Table 2. Image acquisition at each growth stage.

	May	June	July	August	September
Corn growth period	Seedling stage	Jointing stage	Heading stage	Milk ripening stage	Maturation stage
GF images	GF-6	GF-3	GF-6	GF-6	GF-6
Sentinel images	Sentinel-2	Sentinel-2	Sentinel-1	Sentinel-1	Sentinel-2

shows the time of each growth period and the corresponding image.

2.2.2. Ground Data Acquisition

To ensure the accuracy of selecting sample areas on satellite images, the team conducted a two-week field investigation in the study area in October 2021 and obtained 679 sampling points.

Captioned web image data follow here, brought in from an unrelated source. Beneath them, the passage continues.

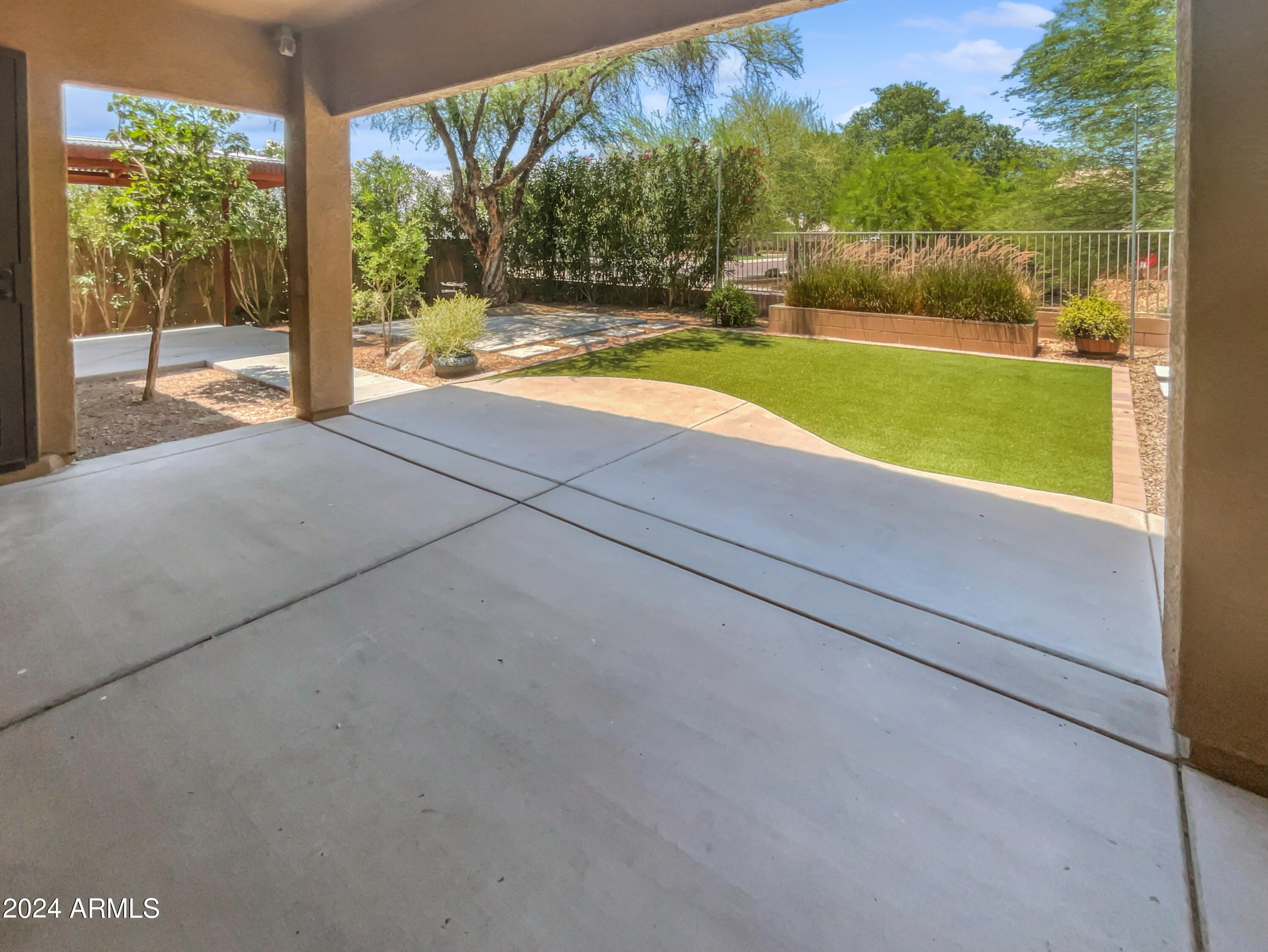 846 East Tyson Court Gilbert, AZ 85295 - Photo 27 of 29 listing_26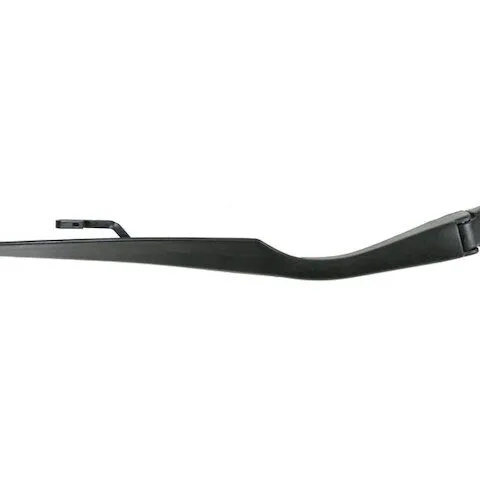 DIY Solutions Front Left Windshield Wiper Arm WIP00042
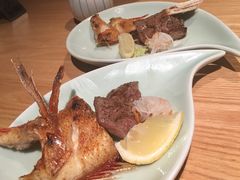 -然寿司(郎园vintage店)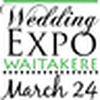 Profile Picture of Colleen Acton (@Wedding Expo 2013) on Flickr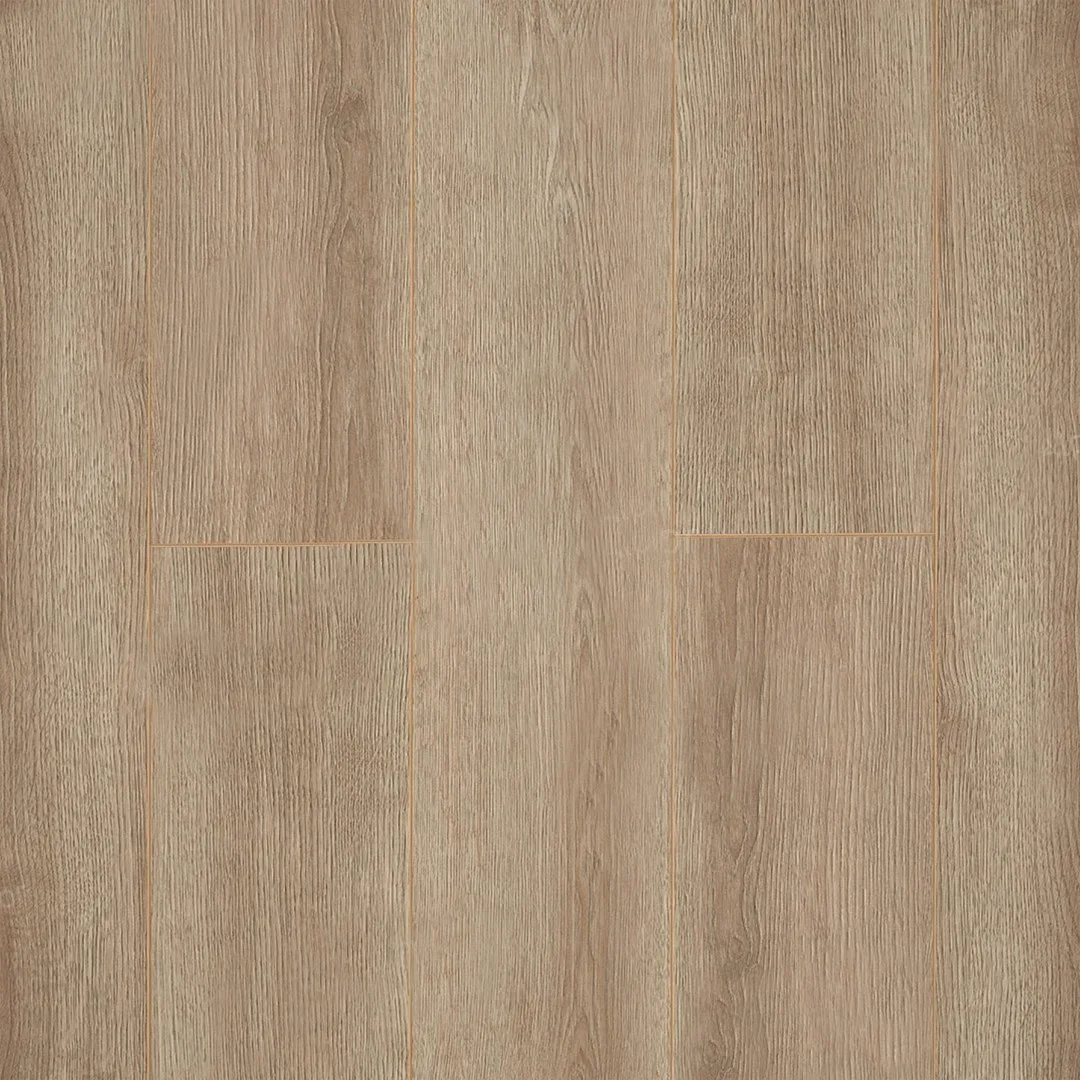 Ламинат Alpine Floor Premium Дуб Кашемир P 1001 1380×190×10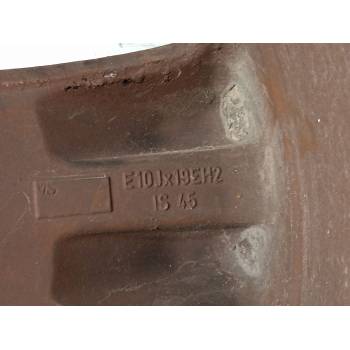 LLANTA ALUMINIO 19'' 676193213 E10JX19EH2 IS45 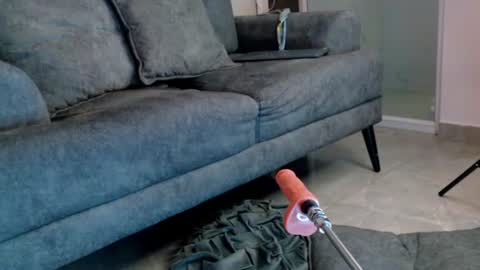 Snapshot of evaapple_ chatting on 06-11-26, 12:32 eva online show from 06-11-26, 12:32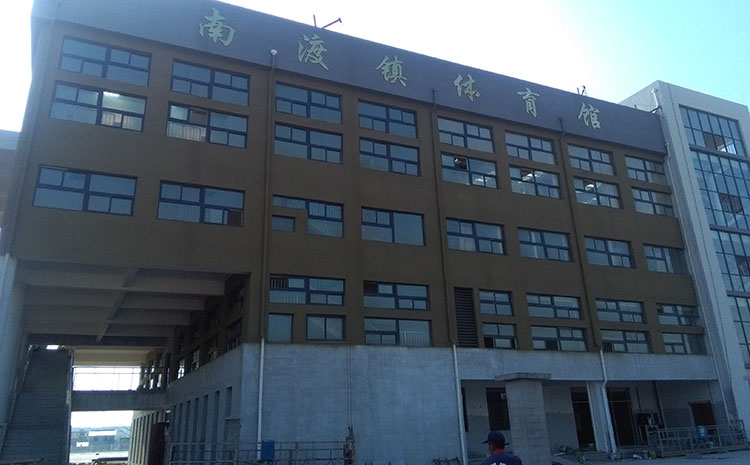 拼裝舞蹈房木地板品牌電話(huà)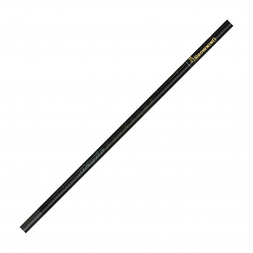 Browning Pole fishing rod Black Magic Allround Pole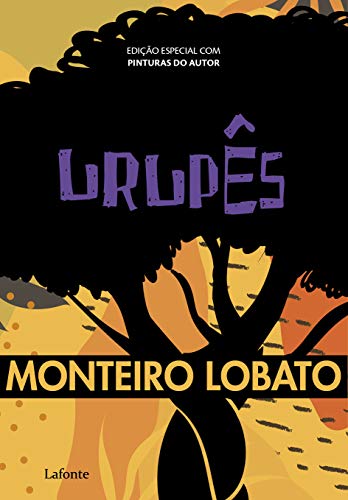 Urupês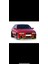 Bmw E39 Tampon Hava Portu (10,5cm) 1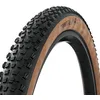 Image de Continental Trinotal Race Grip Tubeless 29´´ X 2.40 MTB Tyre 29´´ x 2.40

Portable GPS positioning equipment was used to record the position information of various subjects, with an error of less than 5 m. The collected point information was imported into ArcGIS to determine the position of all kinds of features.

2.2.3. Remote Sensing Data Preprocessing

The preprocessing of GF-6 images was completed in ENVI. Radiometric calibration, atmospheric correction, and ortho-correction were carried out for GF-6 data, and then the vector boundary was trimmed. Radiometric calibration converts the DN value of the image into radiant brightness. The FLAASH atmospheric correction model was used for atmospheric correction. Atmospheric correction converts the radiation brightness of the image into apparent reflectance. Ortho-correction was based on ASTER GDEM data. After ortho-correction, a terrain correction image is obtained. The GF-3 SAR image was preprocessed by PIE-SAR. First, radiation correction and complex data conversion were completed, multi-view processing was carried out to reduce the amount of data and eliminate some noise, Enlee filtering was used to denoise it, and finally, geocoding was carried out.

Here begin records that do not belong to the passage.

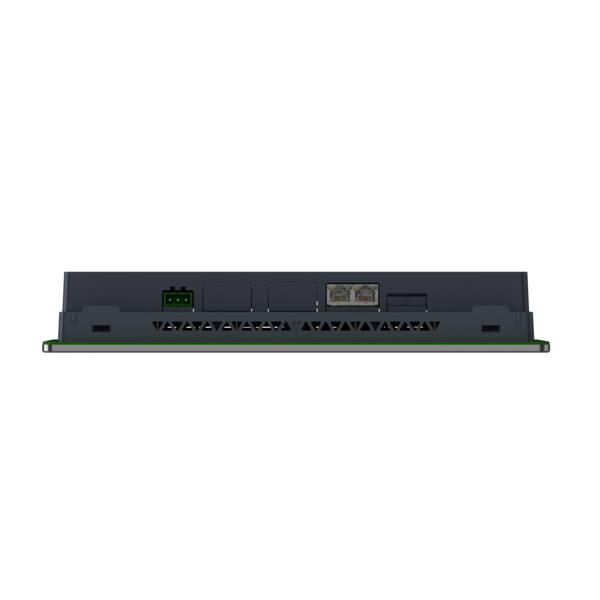 Magelis hmist6 - web terminal tactile - 12pw - 1280x800 pixels 16m couleur 24vcc - Schneider Electric - HMISTW6600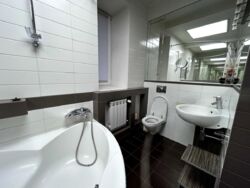 ������� �������� �������� ��� �������, 7�, ���, ������������� ���� 16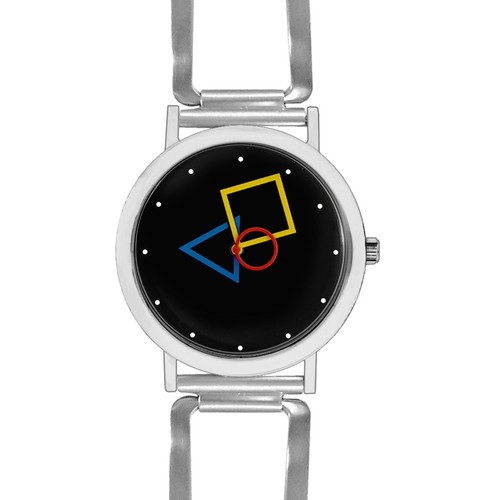 Aristo bauhaus design 2021 - aristo,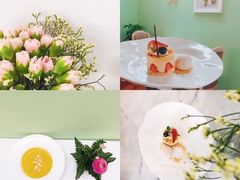 -蝶舍·MAISON PAPILLON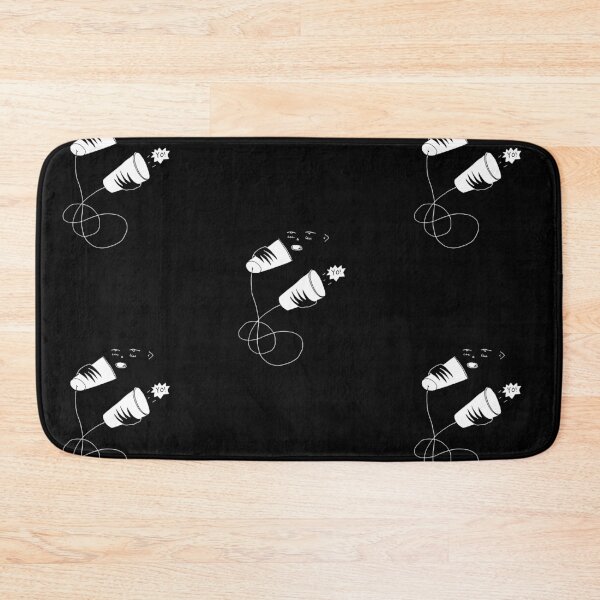 Item preview, Cup Gang designed and sold by defuma.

Sentinel-2 images represent L2A data, which were preprocessed with radiometric calibration and atmospheric correction. The preprocessing of the Sentinel-1SAR images was carried out in SNAP. First, radiation correction and orbit correction were carried out. Second, Deburst was carried out to remove the dark band of the pulse band in the IW image to merge all practical regions of the burst band. Third, the polarization matrix and multi-looking processing were carried out. Fourth, Lee filtering was used to remove speckle noise. Finally, geocoding was carried out.

2.3. Research Methods

2.3.1. Vegetation Index

Four vegetation indices were selected as spectral characteristics, namely, the normalized difference vegetation index (NDVI), ratio vegetation index (RVI), difference vegetation index (DVI), and green band chlorophyll index (CI_green).

Table 3. The formulae for different vegetation indices.

Index Name	Formula
Normalized Differential Vegetation Index (NDVI)	$NDVI=\frac{{\rho }_{nir}-{\rho }_r}{{\rho }_{nir}+{\rho }_r}$
Ratio Vegetation Index (RVI)	$RVI=\frac{{\rho }_{nir}}{{\rho }_r}$
Differential Vegetation Index (DVI)	$DVI={\rho }_{nir}-{\rho }_r$
Chlorophyll Index (CIgreen)	$CIgreen=\frac{{\rho }_{nir}}{{\rho }_g}-1$

shows the expressions and names of the four vegetation indexes.Vegetation has different absorption and reflection to different wavelengths. It has an absorption in the wavelength bands of 450 nm (blue band) and 650 nm (red band) and a small amplitude reflection in the wavelength band of 540 nm (green band). The 690~7770 nm band (red edge band) is the sensitive band of vegetation, and the spectral reflection of vegetation changes the fastest in this band. The application of the red edge band is one of the high-tech means used to identify crop remote sensing and realize accurate classification of vegetation features [32], while there is a vital reflection in the band with a central wavelength of 820 nm (near-infrared band).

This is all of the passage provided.